Crowe of the Western Bigfoot Society says Green and other Byrne detractors just are jealous.
"Peter has an elaborate setup with plenty of funding, and they don't. It's that simple," Crowe said. "Peter has helped an awful lot of people get started looking for Bigfoot, and he goes out of his way to help them as they continue along."
Byrne says he doesn't concern himself with his critics. He knows what will silence them.
Then Byrne politely excuses himself. He has a lot of work to do, he explains.
His telephone is ringing.
TALL AND MEATY, BIGFOOT LUMBERS AROUND
General habits: Nomadic and nocturnal, with daytime activity only when disturbed.
Demeanor: Shy and non-aggressive, except when injured or threatened.
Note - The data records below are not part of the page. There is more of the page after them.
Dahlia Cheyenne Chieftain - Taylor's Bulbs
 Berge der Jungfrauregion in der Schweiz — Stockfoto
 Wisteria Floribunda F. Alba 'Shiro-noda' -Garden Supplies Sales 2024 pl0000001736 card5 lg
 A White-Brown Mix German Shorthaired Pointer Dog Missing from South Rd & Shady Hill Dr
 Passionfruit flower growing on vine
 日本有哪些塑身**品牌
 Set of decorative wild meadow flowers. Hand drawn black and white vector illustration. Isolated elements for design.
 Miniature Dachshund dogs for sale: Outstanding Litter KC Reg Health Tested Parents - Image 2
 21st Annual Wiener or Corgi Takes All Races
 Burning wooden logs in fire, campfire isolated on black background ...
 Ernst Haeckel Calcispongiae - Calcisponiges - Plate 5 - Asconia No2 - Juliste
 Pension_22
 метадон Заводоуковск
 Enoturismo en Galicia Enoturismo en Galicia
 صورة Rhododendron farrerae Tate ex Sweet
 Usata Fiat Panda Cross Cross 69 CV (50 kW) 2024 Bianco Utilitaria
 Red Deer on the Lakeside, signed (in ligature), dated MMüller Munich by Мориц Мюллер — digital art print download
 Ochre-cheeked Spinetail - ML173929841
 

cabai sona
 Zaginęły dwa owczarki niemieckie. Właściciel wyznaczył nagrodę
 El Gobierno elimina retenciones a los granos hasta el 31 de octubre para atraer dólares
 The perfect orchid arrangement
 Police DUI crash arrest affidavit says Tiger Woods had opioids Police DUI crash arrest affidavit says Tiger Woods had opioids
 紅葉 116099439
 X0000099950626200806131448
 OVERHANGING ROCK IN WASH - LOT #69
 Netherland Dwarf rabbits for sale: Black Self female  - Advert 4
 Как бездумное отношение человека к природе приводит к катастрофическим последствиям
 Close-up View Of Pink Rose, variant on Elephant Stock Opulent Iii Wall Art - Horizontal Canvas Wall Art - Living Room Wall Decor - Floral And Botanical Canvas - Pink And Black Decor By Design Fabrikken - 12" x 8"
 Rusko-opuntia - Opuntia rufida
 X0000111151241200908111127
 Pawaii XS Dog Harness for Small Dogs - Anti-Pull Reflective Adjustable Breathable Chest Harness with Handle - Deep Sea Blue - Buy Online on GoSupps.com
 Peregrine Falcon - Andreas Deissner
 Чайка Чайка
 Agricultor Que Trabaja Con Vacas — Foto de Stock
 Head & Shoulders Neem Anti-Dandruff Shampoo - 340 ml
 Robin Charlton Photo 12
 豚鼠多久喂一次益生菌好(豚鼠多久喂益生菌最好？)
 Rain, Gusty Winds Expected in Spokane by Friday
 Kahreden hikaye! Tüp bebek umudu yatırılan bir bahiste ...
General characteristics: Face frequently described as apelike with a broad, flat nose and a lipless mouth. Head pointed with a sloping forehead covered by hair, including bangs. Arms longer than a human. Short neck and high shoulders.
Height: Mature adults range from 6 feet to 9 feet tall.
Weight: Estimates range from 300 to 600 pounds.
Coloration: Dark skin covered with hair that has been reported as black, beige, white and reddish brown.
Strength: Much stronger than humans.
Movement: Erect, or slightly stooped, with no evidence of the quadrupedal locomotion common with other large primates. Legs don't completely straighten as creature walks, which gives an impression that it's gliding.
Eyesight: Superb, with some evidence supporting night vision.
Hearing: Exceptionally acute.
Smell: Highly developed.
Eating habits: Omnivorous.
Sounds: Reports have been made of strange whistles and shrieks.
Life span: Unknown.
Number of living creatures: Unknown.
Reports: Most common in Washington, Oregon, British Columbia, Northern California, Florida and areas around the Great Lakes.
Foot size: Ranges from 12 to 22 inches in length, most commonly 14 to 18 inches, and usually about 7 inches wide.
Government protection: Since 1969, it has been against the law to kill a Bigfoot inside Skamania County lines.
Generally accepted scientific evidence of the species: None.